The upward creep of rates continued as demand from the U.S. and, to a lesser extent, Europe began to bounce back during the traditional summer peak season. Lines, understandably cautious given the general economic uncertainty, were slow to counter rising demand with capacity additions.

The result was rates and rollovers spiraling, and equipment shortages in Asia and North America worsening. The spot freight rate explosion and supply chain disruption continued into September with trans-Pacific freight rates hitting record levels.

Shanghai-Los Angeles spot freight rates were pushing US$4,000 (€3,350.50) per forty-foot equivalent unit (FEU) on September 10, indicating a 154 percent year-on-year increase, according to the World Container Index assessed by shipping consultancy Drewry.

On the same date, Shanghai-New York, Shanghai-Rotterdam and Shanghai-Genoa rates were 78 percent, 41 percent and 38 percent higher than a year earlier respectively.

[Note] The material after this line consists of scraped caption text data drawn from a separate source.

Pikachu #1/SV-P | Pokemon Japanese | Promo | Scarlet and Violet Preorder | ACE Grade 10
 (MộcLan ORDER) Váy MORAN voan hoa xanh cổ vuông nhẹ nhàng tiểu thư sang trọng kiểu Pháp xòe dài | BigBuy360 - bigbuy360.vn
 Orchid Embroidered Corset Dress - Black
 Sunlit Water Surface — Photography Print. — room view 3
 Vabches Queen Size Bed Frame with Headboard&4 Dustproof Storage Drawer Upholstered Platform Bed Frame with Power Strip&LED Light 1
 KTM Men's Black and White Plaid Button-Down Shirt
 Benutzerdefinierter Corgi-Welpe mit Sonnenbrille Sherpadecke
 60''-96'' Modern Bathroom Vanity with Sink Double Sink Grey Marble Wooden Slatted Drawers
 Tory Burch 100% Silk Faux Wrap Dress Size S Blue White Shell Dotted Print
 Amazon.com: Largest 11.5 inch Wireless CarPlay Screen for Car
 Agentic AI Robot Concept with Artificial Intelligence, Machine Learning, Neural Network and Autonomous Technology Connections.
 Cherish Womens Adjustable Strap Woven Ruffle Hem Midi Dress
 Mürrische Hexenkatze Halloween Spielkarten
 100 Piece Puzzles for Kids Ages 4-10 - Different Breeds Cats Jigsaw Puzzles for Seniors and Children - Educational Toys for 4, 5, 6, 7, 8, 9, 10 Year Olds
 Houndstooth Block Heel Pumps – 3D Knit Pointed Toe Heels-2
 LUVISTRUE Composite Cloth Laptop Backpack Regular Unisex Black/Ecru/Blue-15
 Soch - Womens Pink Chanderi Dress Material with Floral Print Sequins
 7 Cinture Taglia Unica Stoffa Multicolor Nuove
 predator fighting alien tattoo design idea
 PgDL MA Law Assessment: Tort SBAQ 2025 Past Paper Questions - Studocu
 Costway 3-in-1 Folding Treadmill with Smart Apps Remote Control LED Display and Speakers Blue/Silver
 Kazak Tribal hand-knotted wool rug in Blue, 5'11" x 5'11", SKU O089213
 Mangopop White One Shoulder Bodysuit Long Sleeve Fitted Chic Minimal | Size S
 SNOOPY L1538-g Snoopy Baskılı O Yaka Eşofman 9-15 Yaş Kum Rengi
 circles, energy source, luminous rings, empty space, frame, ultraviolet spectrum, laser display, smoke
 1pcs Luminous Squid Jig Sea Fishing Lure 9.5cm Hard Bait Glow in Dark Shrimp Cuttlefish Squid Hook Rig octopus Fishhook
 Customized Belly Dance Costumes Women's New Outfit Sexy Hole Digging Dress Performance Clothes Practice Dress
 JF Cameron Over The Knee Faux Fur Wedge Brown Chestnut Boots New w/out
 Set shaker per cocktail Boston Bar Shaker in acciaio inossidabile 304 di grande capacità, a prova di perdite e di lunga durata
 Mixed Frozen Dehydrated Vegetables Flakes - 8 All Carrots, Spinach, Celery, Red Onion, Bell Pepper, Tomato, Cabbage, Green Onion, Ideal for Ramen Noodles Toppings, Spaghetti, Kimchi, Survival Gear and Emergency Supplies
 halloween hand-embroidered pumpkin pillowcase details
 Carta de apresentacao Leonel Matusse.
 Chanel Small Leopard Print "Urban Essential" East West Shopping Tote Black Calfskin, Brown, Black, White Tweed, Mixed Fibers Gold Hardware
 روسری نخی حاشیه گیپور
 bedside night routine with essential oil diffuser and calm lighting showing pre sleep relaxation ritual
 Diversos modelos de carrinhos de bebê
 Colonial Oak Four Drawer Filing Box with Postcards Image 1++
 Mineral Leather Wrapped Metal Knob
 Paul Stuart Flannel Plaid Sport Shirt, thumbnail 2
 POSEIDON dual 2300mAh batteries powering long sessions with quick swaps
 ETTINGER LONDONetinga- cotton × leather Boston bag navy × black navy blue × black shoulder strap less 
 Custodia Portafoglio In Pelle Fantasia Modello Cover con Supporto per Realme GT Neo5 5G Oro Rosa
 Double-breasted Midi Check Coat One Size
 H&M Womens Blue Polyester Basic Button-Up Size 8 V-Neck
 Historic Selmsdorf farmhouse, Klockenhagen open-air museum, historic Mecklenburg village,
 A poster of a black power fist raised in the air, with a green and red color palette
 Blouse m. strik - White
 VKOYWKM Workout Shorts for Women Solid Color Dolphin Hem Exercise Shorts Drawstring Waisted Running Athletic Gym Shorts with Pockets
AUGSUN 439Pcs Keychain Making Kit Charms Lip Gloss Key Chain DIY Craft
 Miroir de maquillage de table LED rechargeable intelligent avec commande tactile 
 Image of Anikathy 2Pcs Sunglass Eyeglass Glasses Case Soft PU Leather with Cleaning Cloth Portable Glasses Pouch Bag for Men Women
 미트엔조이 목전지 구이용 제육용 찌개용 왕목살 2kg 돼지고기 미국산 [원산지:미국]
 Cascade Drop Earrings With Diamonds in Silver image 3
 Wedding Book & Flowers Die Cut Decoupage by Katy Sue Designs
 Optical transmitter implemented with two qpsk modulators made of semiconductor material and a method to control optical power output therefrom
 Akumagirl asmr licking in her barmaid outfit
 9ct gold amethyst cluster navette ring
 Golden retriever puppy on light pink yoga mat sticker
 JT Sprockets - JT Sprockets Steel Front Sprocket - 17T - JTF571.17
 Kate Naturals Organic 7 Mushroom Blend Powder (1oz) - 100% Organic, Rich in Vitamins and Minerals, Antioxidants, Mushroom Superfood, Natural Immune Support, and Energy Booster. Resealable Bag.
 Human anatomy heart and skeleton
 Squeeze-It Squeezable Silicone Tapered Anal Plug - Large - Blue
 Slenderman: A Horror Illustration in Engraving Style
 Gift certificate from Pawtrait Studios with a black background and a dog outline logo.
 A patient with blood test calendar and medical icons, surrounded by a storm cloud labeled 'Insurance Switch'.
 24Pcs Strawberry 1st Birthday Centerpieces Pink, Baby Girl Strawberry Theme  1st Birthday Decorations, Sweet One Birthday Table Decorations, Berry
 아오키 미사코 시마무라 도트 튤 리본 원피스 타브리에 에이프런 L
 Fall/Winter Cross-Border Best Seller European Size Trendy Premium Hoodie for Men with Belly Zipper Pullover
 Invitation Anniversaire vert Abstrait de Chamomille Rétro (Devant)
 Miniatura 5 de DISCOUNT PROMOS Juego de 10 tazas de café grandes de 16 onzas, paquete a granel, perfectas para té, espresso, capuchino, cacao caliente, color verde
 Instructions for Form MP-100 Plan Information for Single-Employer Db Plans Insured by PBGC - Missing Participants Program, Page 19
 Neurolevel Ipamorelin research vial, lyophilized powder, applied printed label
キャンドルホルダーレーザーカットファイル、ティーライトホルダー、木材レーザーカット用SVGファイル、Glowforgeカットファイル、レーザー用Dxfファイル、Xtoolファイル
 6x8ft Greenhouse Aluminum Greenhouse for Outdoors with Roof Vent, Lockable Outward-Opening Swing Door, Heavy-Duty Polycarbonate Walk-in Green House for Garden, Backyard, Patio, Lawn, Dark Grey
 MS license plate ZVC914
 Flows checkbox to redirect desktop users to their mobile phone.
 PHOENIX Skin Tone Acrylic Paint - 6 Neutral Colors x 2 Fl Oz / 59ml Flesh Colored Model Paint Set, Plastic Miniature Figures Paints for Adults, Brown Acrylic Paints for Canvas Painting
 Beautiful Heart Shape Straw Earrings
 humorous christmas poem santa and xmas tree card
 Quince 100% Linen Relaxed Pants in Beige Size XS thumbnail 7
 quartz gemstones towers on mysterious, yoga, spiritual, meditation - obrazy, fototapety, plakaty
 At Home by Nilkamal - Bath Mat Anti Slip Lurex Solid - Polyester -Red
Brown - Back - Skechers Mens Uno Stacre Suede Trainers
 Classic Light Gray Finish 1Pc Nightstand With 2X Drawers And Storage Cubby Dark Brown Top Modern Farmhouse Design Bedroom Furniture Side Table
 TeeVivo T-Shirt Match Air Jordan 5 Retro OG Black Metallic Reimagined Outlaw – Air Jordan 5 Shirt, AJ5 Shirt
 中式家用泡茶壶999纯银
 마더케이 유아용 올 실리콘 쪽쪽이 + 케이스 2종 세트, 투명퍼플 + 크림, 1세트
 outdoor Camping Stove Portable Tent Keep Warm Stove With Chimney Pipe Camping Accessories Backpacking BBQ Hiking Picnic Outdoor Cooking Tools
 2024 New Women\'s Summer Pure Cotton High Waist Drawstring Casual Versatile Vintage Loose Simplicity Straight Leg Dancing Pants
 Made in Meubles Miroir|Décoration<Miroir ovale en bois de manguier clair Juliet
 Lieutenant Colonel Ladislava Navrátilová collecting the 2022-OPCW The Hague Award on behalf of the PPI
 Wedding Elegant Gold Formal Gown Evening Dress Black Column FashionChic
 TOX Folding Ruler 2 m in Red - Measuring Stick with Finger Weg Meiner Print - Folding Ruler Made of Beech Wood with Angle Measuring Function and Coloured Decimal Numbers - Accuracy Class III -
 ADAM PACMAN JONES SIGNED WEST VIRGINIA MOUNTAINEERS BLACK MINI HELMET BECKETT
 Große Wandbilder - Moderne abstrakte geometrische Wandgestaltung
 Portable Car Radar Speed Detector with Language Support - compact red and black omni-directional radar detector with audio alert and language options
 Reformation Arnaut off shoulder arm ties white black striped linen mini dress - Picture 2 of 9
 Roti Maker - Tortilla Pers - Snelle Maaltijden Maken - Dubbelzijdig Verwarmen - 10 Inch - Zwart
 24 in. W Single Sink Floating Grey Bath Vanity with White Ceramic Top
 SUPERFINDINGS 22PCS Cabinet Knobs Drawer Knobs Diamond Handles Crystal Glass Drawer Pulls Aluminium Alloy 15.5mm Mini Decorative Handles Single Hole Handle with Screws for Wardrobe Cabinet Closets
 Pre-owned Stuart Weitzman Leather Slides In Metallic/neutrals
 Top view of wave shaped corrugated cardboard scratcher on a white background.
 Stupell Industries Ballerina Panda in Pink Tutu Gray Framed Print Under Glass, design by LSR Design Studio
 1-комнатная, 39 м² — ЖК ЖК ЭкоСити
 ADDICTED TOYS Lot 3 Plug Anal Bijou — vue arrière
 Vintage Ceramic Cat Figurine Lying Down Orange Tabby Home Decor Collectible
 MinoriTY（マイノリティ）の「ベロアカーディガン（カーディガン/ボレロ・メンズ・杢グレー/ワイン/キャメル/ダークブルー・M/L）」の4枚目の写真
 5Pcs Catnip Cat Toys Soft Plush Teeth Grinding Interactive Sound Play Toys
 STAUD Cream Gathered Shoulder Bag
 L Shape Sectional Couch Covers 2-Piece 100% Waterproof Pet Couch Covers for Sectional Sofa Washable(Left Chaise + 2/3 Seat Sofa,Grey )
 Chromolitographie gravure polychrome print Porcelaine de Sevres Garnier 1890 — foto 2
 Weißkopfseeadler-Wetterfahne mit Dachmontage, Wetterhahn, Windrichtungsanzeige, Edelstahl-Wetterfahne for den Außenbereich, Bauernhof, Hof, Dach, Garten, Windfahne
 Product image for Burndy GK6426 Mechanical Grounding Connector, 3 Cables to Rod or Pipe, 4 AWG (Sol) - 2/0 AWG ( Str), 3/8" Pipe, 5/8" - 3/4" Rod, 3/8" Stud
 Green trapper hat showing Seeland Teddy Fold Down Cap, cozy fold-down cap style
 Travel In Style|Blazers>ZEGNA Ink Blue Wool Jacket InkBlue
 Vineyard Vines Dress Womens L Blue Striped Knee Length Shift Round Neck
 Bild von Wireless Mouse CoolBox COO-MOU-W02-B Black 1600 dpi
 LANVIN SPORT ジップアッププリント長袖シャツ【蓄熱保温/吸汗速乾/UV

In particular, the hike in ocean freight rates into the U.S. has been accompanied by soaring intermodal rates and capacity shortages, adding to the ongoing logistics logjam caused by rollovers and a lack of box availability in China.

The spot rate spike has occurred, even though carriers have now rushed capacity back. “The inactive container ship fleet dipped below the 1m TEU mark in August for the first time in 2020 as lines resumed several suspended services on the Far East–North America and Far East–Europe routes, “ noted Dominique von Orelli, Global Head, Ocean Freight, DHL Global Forwarding in DHL’s September Ocean Freight Market Update.

The number of ships without employment dropped to 198 units (799,643 TEU) at the end of August, representing just 3.4 percent of the total containership fleet, according to the latest survey by container shipping analyst firm Alphaliner.

The findings also revealed that the average weekly nominal capacity between Asia and Europe rose from a low of 340,000 TEU in May to 400,000 TEU (+17.6 percent) in September, which is only 4 percent below last year’s figures.

Peak season approaches

Several concurrent trends have been fueling the demand bounce.

Traditional peak season factors, such as retailers restocking ahead of winter holidays and consumer events like Black Friday, have played a part. This year, there is also a greater focus on e-commerce then storefront markets, and more emphasis on work-at-home products than heavy industrial and automotive cargoes.

“Demand has also been stimulated by many shippers rushing shipments to avoid potential ‘second wave’ coronavirus lockdowns, and Chinese factory closures for the October Golden Week national holiday,” explained von Orelli.

The upcoming eight-day public holiday has prompted most carriers to announce further blank sailings on Asia-Europe services to help maintain full ships and freight rate levels — a move unlikely to dampen claims that lines have been capitalizing on the Covid-19 pandemic.

According to Alphaliner, the Shanghai to California lane is now the most profitable ex-China trade for box carriers. Spot rates between Asia and North Europe exceeded Asia-California rate levels at the start of the year, but are currently delivering the lowest revenue per nautical mile of all ex-China deep sea routes.

For carriers carrying the same box from Shanghai to Los Angeles, the earnings per nautical mile are more than three times higher on the Asia-U.S. West Coast trade. This means increased profits as carriers need fewer resources, ships and equipment on a shorter trade. A typical Far East-North Europe service requires the deployment of some 12 ships, whereas six ships are sufficient for a Transpacific southwest loop.

The boost in earnings that carriers are enjoying in the current market is, however, now attracting the attention of competition watchdogs.

Amid soaring rates, equipment shortages and rollovers, Chinese regulators are now investigating liner pricing on the trans-Pacific and could interfere to ban spot rate increases from China to the U.S. Shipping line COSCO has since withdrawn suspended services and canceling scheduled general rate increases (GRI) according to reports.

Should the investigation continue, more carriers are expected to follow, setting the stage for an uncertain last quarter of the year.